[Recorded data — start]

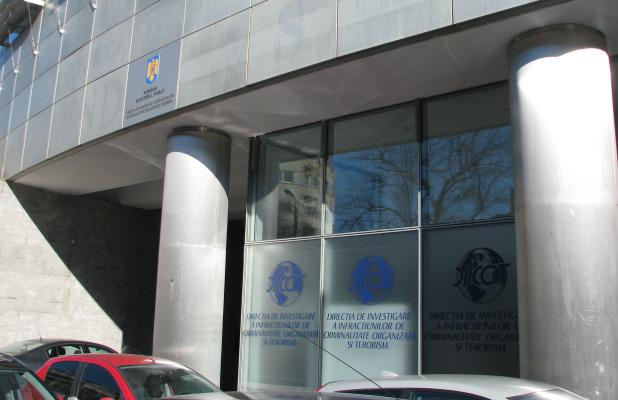 DIICOT face precizări în cazul celor două fete dispărute la Caracal: S-a constatat același modus operandi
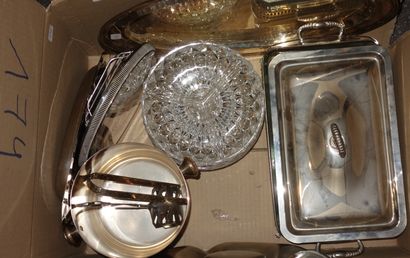 174- Lot de divers : plats (inox et métal...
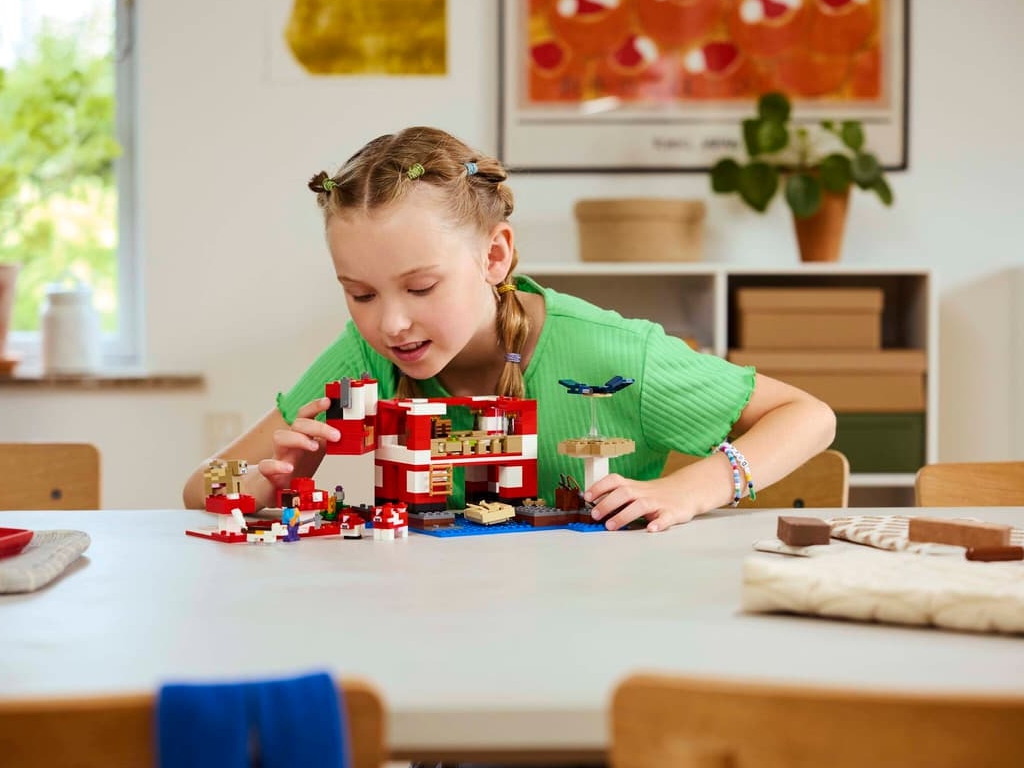 Конструктор LEGO Minecraft Грибний будинок, 272 деталі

[Recorded data — finish]

Problem details: Word for word and without any pictures, return all of the lines above.

Final answer:
 DIICOT face precizări în cazul celor două fete dispărute la Caracal: S-a constatat același modus operandi
 174- Lot de divers : plats (inox et métal...
 Конструктор LEGO Minecraft Грибний будинок, 272 деталі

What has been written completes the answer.